Hücrelerin enerji santralleri olarak bilinen mitokondriler, belirli hastalıklarda mutasyona uğrayabilen kendine özgü DNA taşır ve bu durum hücrelerin enerji yetersizliği çekmesine neden olur. Şimdi ise bilim insanları, bu genetik bozuklukların arkasındaki yaygın mutasyonların etkilerini tersine çevirebilecek, türünün ilk örneği bir molekül keşfetti.
Bu mutasyonlar, henüz tedavisi olmayan çok farklı hastalıklara yol açabilir. Bu çalışmanın gerçek bir çığır açtığı ve bu durumlar için inanılmaz olanaklar sunabileceği düşünülüyor.

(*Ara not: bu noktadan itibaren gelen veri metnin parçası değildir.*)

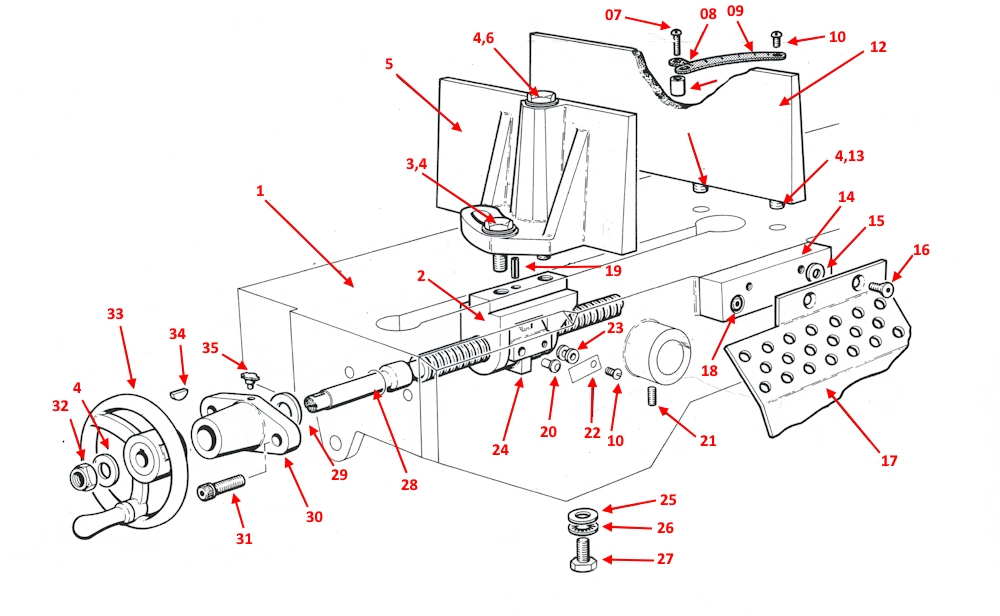 Startrite H250, H280 & H330 Stock Vice Spare Parts Diagram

Çalışmanın bir sınırlaması, molekülün canlı bir hayvan veya insandaki etkisinin bu aşamada tam olarak gösterilmemiş olmasıdır. Ancak bu araştırmanın devamında, bilim insanları benzer bir molekül geliştirdi ve bu molekül şu anda insanlar üzerinde klinik denemelerle test ediliyor. Klinik denemelerin ilk aşaması sağlıklı bireylerde güvenliği test etmeyi amaçlıyor. Gelecek yıl ise mitokondriyal hastalığı olan kişilerde denemeler yapılması planlanıyor.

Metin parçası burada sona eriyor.